Tra questi due riti si snoda la strada della quaresima. Una strada lunga,
apparentemente, poco meno di due metri. Ma in verità, molto più lunga e faticosa, perché si tratta di partire dalla propria testa per arrivare ai piedi degli altri. A percorrerla non bastano i quaranta giorni che vanno dal mercoledì delle ceneri al giovedì santo. Occorre tutta la vita.

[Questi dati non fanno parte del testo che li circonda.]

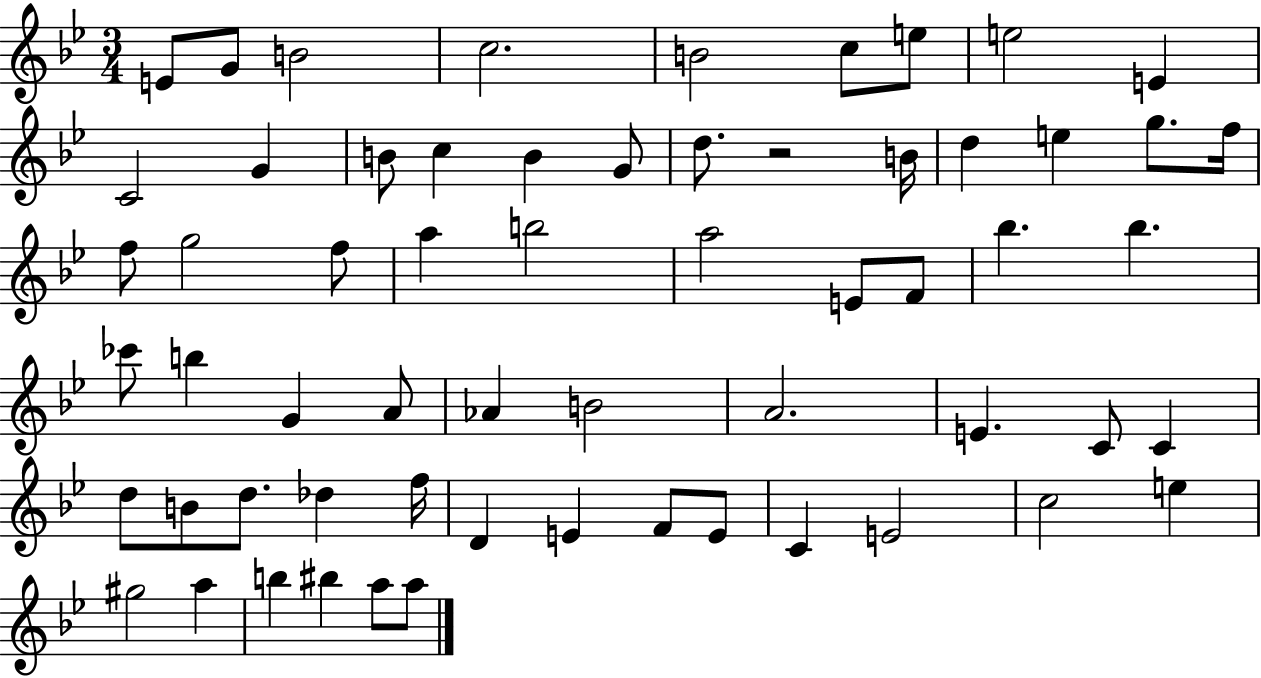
{
  \clef treble
  \numericTimeSignature
  \time 3/4
  \key bes \major
  e'8 g'8 b'2 | c''2. | b'2 c''8 e''8 | e''2 e'4 | \break c'2 g'4 | b'8 c''4 b'4 g'8 | d''8. r2 b'16 | d''4 e''4 g''8. f''16 | \break f''8 g''2 f''8 | a''4 b''2 | a''2 e'8 f'8 | bes''4. bes''4. | \break ces'''8 b''4 g'4 a'8 | aes'4 b'2 | a'2. | e'4. c'8 c'4 | \break d''8 b'8 d''8. des''4 f''16 | d'4 e'4 f'8 e'8 | c'4 e'2 | c''2 e''4 | \break gis''2 a''4 | b''4 bis''4 a''8 a''8 | \bar "|."
}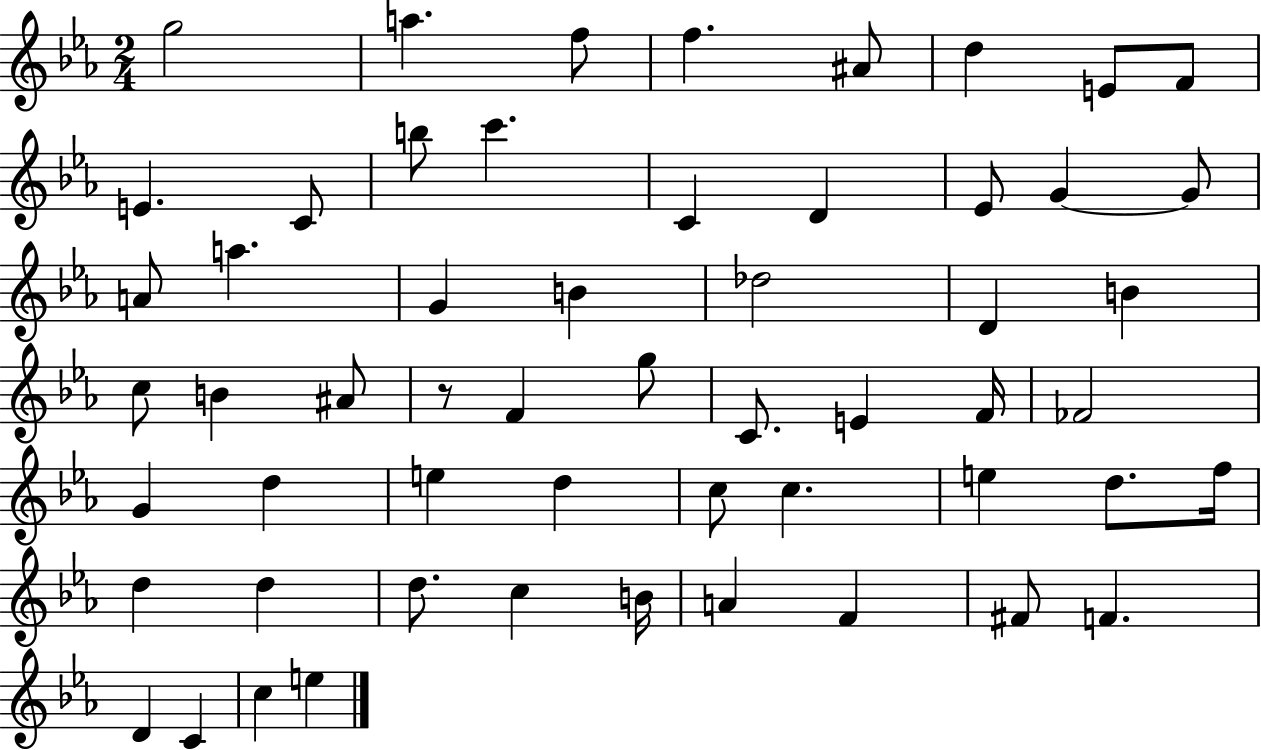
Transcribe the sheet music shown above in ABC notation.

X:1
T:Untitled
M:2/4
L:1/4
K:Eb
g2 a f/2 f ^A/2 d E/2 F/2 E C/2 b/2 c' C D _E/2 G G/2 A/2 a G B _d2 D B c/2 B ^A/2 z/2 F g/2 C/2 E F/4 _F2 G d e d c/2 c e d/2 f/4 d d d/2 c B/4 A F ^F/2 F D C c e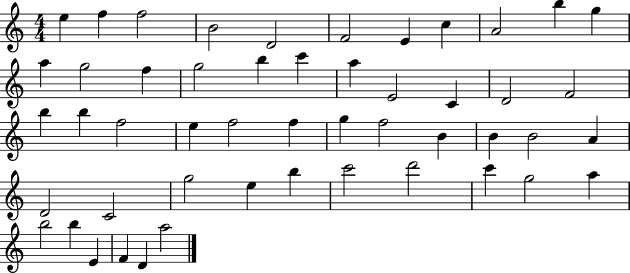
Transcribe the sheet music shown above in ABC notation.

X:1
T:Untitled
M:4/4
L:1/4
K:C
e f f2 B2 D2 F2 E c A2 b g a g2 f g2 b c' a E2 C D2 F2 b b f2 e f2 f g f2 B B B2 A D2 C2 g2 e b c'2 d'2 c' g2 a b2 b E F D a2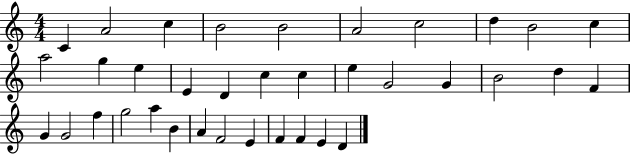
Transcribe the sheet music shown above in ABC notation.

X:1
T:Untitled
M:4/4
L:1/4
K:C
C A2 c B2 B2 A2 c2 d B2 c a2 g e E D c c e G2 G B2 d F G G2 f g2 a B A F2 E F F E D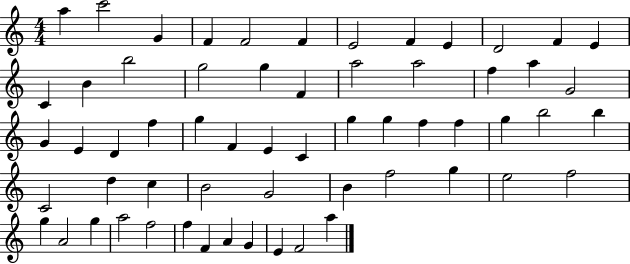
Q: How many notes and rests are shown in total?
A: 60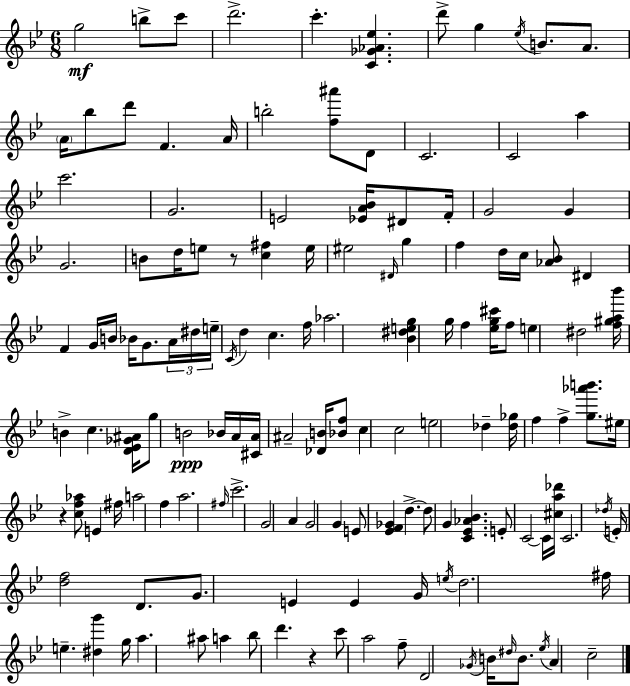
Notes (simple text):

G5/h B5/e C6/e D6/h. C6/q. [C4,Gb4,Ab4,Eb5]/q. D6/e G5/q Eb5/s B4/e. A4/e. A4/s Bb5/e D6/e F4/q. A4/s B5/h [F5,A#6]/e D4/e C4/h. C4/h A5/q C6/h. G4/h. E4/h [Eb4,A4,Bb4]/s D#4/e F4/s G4/h G4/q G4/h. B4/e D5/s E5/e R/e [C5,F#5]/q E5/s EIS5/h D#4/s G5/q F5/q D5/s C5/s [Ab4,Bb4]/e D#4/q F4/q G4/s B4/s Bb4/s G4/e. A4/s D#5/s E5/s C4/s D5/q C5/q. F5/s Ab5/h. [Bb4,D#5,E5,G5]/q G5/s F5/q [Eb5,G5,C#6]/s F5/e E5/q D#5/h [F5,G#5,A5,Bb6]/s B4/q C5/q. [D4,Eb4,Gb4,A#4]/s G5/e B4/h Bb4/s A4/s [C#4,A4]/s A#4/h [Db4,B4]/s [Bb4,F5]/e C5/q C5/h E5/h Db5/q [Db5,Gb5]/s F5/q F5/q [G5,Ab6,B6]/e. EIS5/s R/q [C5,F5,Ab5]/e E4/q F#5/s A5/h F5/q A5/h. F#5/s C6/h. G4/h A4/q G4/h G4/q E4/e [Eb4,F4,Gb4]/q D5/q. D5/e G4/q [C4,Eb4,Ab4,Bb4]/q. E4/e C4/h C4/s [C#5,A5,Db6]/s C4/h. Db5/s E4/s [D5,F5]/h D4/e. G4/e. E4/q E4/q G4/s E5/s D5/h. F#5/s E5/q. [D#5,G6]/q G5/s A5/q. A#5/e A5/q Bb5/e D6/q. R/q C6/e A5/h F5/e D4/h Gb4/s B4/s D#5/s B4/e. Eb5/s A4/q C5/h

Pentimento e servizio sono le due grandi prediche che la Chiesa affida alla cenere e all’acqua, più che alle parole. La cenere, benchè leggerissima, scende sul capo con la violenza della grandine e trasforma in una autentica martellata quel richiamo perentorio all’unica cosa che conta:
“Convertiti e credi al vangelo”.
Cenere e acqua ingredienti primordiali del bucato di un tempo.

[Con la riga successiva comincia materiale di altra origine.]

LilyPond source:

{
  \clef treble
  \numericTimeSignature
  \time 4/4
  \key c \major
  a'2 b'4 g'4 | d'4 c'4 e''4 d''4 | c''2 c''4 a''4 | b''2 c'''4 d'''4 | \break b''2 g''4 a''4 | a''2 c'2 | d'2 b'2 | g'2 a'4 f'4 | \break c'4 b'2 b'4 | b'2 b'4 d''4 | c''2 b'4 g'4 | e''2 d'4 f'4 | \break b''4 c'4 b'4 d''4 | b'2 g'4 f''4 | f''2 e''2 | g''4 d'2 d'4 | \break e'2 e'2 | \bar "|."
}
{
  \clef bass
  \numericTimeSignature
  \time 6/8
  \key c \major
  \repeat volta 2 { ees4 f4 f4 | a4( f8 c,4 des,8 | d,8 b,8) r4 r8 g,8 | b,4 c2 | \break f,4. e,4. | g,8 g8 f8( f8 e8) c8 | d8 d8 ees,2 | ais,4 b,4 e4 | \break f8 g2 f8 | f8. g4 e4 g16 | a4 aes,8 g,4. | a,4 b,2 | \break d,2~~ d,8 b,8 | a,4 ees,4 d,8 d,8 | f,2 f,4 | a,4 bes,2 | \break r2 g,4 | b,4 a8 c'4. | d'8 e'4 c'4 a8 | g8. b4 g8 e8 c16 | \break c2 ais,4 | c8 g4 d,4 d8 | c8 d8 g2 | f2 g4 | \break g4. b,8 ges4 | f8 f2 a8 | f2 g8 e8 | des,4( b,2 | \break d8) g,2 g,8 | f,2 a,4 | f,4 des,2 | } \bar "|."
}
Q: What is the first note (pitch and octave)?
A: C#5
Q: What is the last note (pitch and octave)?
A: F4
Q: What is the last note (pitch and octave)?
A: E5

Ma soprattutto, simboli di una conversione completa che vuole afferrarci
dalla testa ai piedi.
Preghiera scritta dal Cardinale Arcivescovo per la pace in Ucraina
Dio dei padri e Signore della pace, Padre di tutti. Tu condanni le guerre e abbatti l’orgoglio dei violenti. Tu hai mandato il tuo Figlio Gesù ad annunziare la pace a tutti, ai vicini e ai lontani, a riunire tutti i popoli in una sola famiglia. Ascolta il grido dei tuoi figli e la supplica che sale a Te dai nostri cuori: fai cessare la guerra e la violenza in Ucraina, allontana le minacce, disarma i cuori e le mani di tutti perché ogni persona riconosca anche nel suo nemico il suo prossimo. Salvaci, o Signore, ed abbi pietà degli anziani, dei giovani, dei poveri, degli orfani e delle vedove, dei sofferenti, dei malati, di coloro che sono nel dolore, nelle difficoltà, nelle afflizioni, di coloro che sono sui campi di guerra o rinchiusi nelle prigioni e nei luoghi di detenzione. Ricordati di tutti loro, visitali, fortificali, dona loro presto, per la tua gloria, libertà e liberazione. Per le preghiere della Santissima Signora nostra, la Tuttasanta Madre di Dio, ancora ti supplichiamo: tocca i cuori dei responsabili delle sorti dei popoli, ferma la logica della violenza e della vendetta, manda il tuo Spirito di riconciliazione e di pace perché vengano tempi di dialogo e di fiducia. Concedici giorni di pace perché Tu sei benedetto nei secoli, insieme con il tuo Figlio Salvatore del mondo e lo Spirito buono e fonte della vita, ora e sempre e nei secoli dei secoli”
“O Madre Santissima di Dio e Madre nostra, per le tue sante e potenti preghiere, allontana da noi ogni minaccia di guerra. Noi accendiamo davanti alla tua icona miracolosa una piccola lampada. E tu spegni nella nostra terra il fuoco della violenza e dell’ingiustizia. Poiché Tu sei benedetta da tutte le genti e il tuo nome è glorificato nei secoli dei secoli”.